TASK TO CARRY OUT :: Without including the images, transcribe each record precisely as it appears below.

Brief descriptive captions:
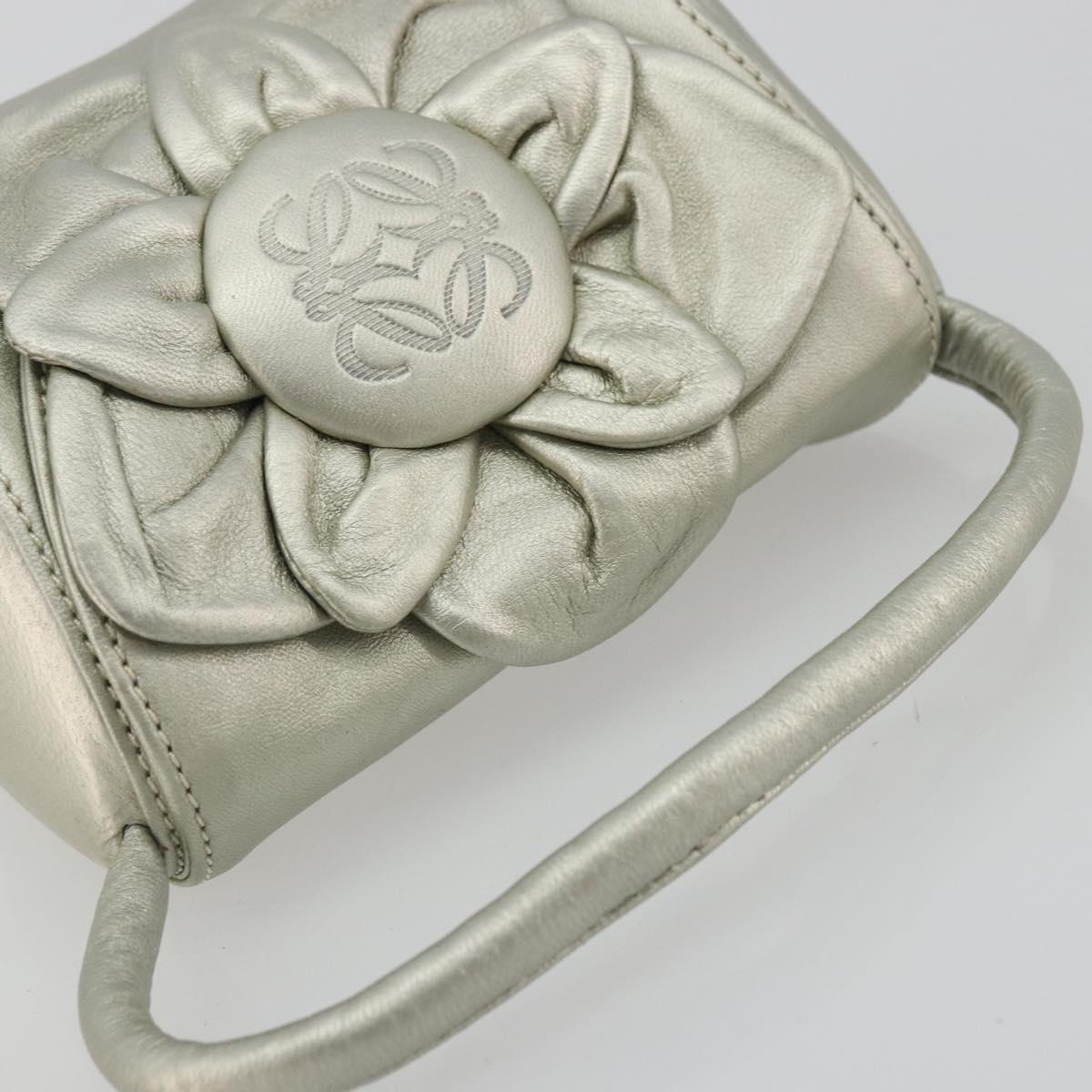 LOEWE Anagram Hand Pouch Leather Silver Auth 175225A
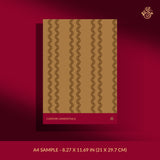A terracotta brown wavy striped wallpaper sample.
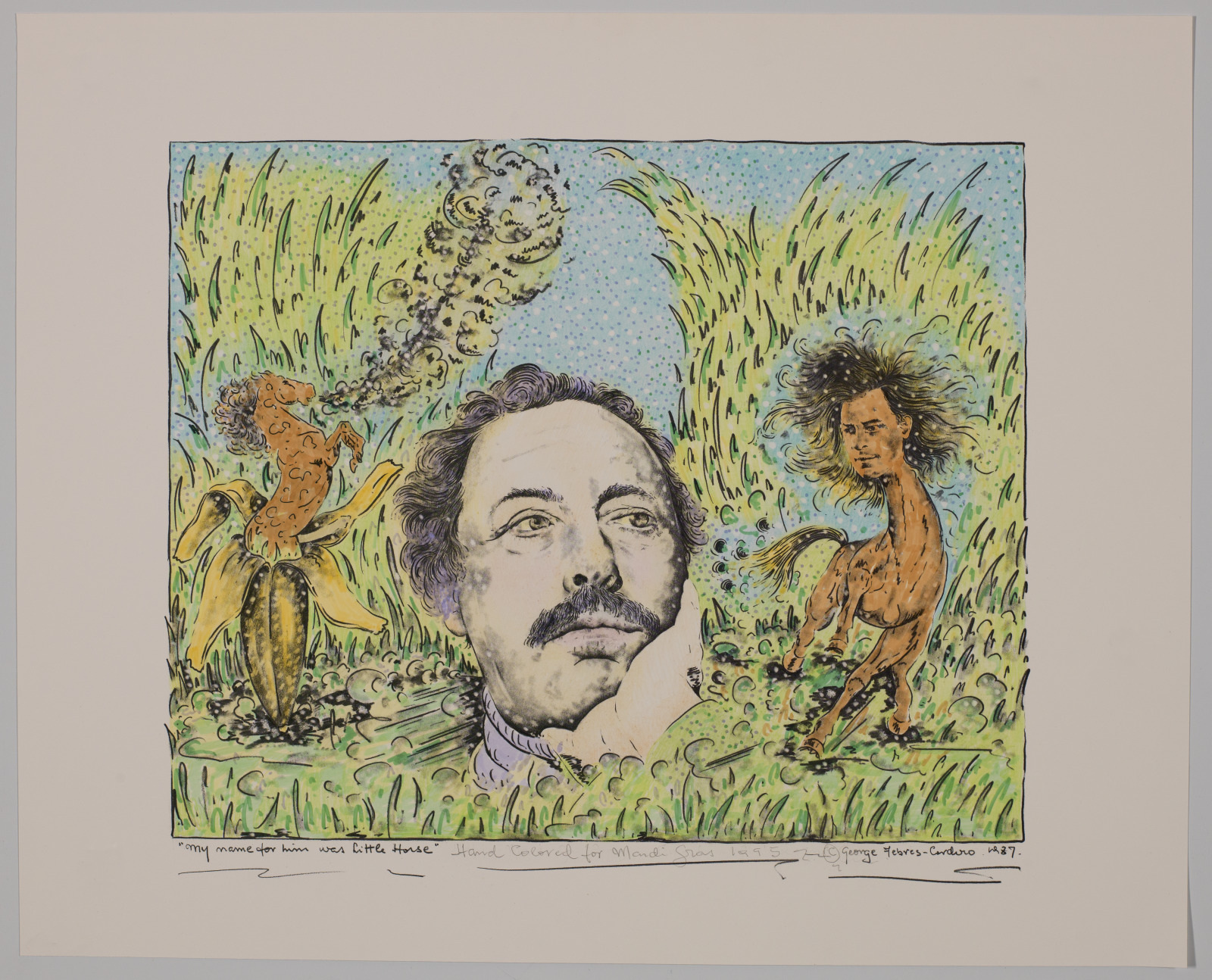 Illustration features a mans head resting in a hand amidst tall grass and abstract figures, including a bird-like creature and a horse-bodied figure. The scene is colorful and surreal, with intricate details and a blue, green, and yellow palette.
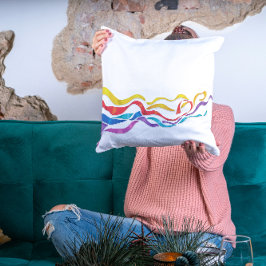 Kussen met linten in meerdere kleuren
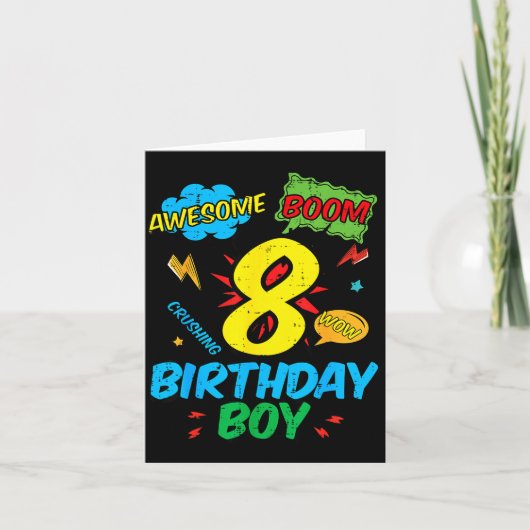 8 Birthday Boy Comic Cool 8th Bday Superhero Party Karte (Vorderseite)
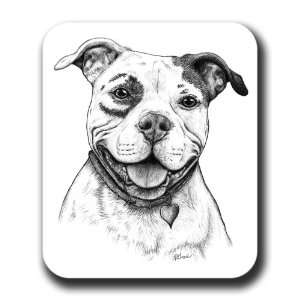  Happy Pit Bull Dog Art Mouse Pad: Everything Else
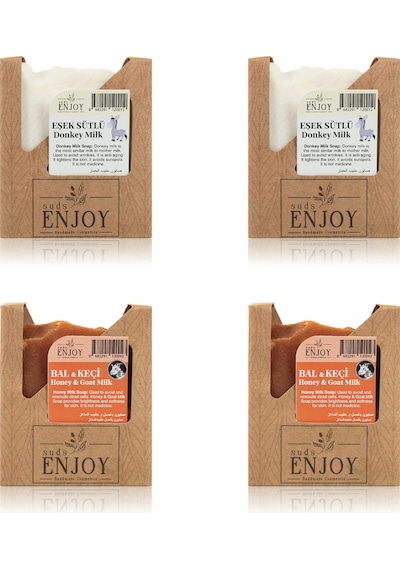 Suds Enjoy Doğal Eşek Sütlü Sabun 100 G 2'li + Bal ve Keçi Sütlü Sabun 100 G 2'li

OUTPUT OF THE EXERCISE ::
 LOEWE Anagram Hand Pouch Leather Silver Auth 175225A
A terracotta brown wavy striped wallpaper sample.
 Illustration features a mans head resting in a hand amidst tall grass and abstract figures, including a bird-like creature and a horse-bodied figure. The scene is colorful and surreal, with intricate details and a blue, green, and yellow palette.
 Kussen met linten in meerdere kleuren
 8 Birthday Boy Comic Cool 8th Bday Superhero Party Karte (Vorderseite)
  Happy Pit Bull Dog Art Mouse Pad: Everything Else
 Suds Enjoy Doğal Eşek Sütlü Sabun 100 G 2'li + Bal ve Keçi Sütlü Sabun 100 G 2'li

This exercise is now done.